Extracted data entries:
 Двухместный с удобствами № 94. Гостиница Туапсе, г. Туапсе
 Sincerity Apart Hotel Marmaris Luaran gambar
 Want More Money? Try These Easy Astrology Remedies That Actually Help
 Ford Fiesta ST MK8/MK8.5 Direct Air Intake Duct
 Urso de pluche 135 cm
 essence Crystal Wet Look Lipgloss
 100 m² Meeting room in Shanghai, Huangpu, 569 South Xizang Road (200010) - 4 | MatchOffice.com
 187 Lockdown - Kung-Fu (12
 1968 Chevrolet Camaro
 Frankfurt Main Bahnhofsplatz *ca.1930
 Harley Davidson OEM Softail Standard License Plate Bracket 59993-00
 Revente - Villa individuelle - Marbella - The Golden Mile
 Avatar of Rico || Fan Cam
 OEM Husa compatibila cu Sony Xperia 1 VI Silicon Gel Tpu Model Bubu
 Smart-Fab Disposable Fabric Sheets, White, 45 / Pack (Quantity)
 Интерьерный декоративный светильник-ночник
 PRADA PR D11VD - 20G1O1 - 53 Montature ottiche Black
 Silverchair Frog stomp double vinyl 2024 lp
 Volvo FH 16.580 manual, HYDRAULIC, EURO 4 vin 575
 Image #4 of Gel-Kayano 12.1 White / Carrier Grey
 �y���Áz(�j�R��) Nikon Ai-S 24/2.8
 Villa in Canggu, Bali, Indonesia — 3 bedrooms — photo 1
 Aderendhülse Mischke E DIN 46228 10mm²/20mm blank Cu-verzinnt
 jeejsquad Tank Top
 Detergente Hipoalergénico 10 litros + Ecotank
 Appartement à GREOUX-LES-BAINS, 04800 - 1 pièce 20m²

**WHAT IS BEING ASKED**
Quote every line of the records above, from the first down to the one holding "essence Crystal Wet Look Lipgloss", exactly as written.

**RESULT BELOW**
 Двухместный с удобствами № 94. Гостиница Туапсе, г. Туапсе
 Sincerity Apart Hotel Marmaris Luaran gambar
 Want More Money? Try These Easy Astrology Remedies That Actually Help
 Ford Fiesta ST MK8/MK8.5 Direct Air Intake Duct
 Urso de pluche 135 cm
 essence Crystal Wet Look Lipgloss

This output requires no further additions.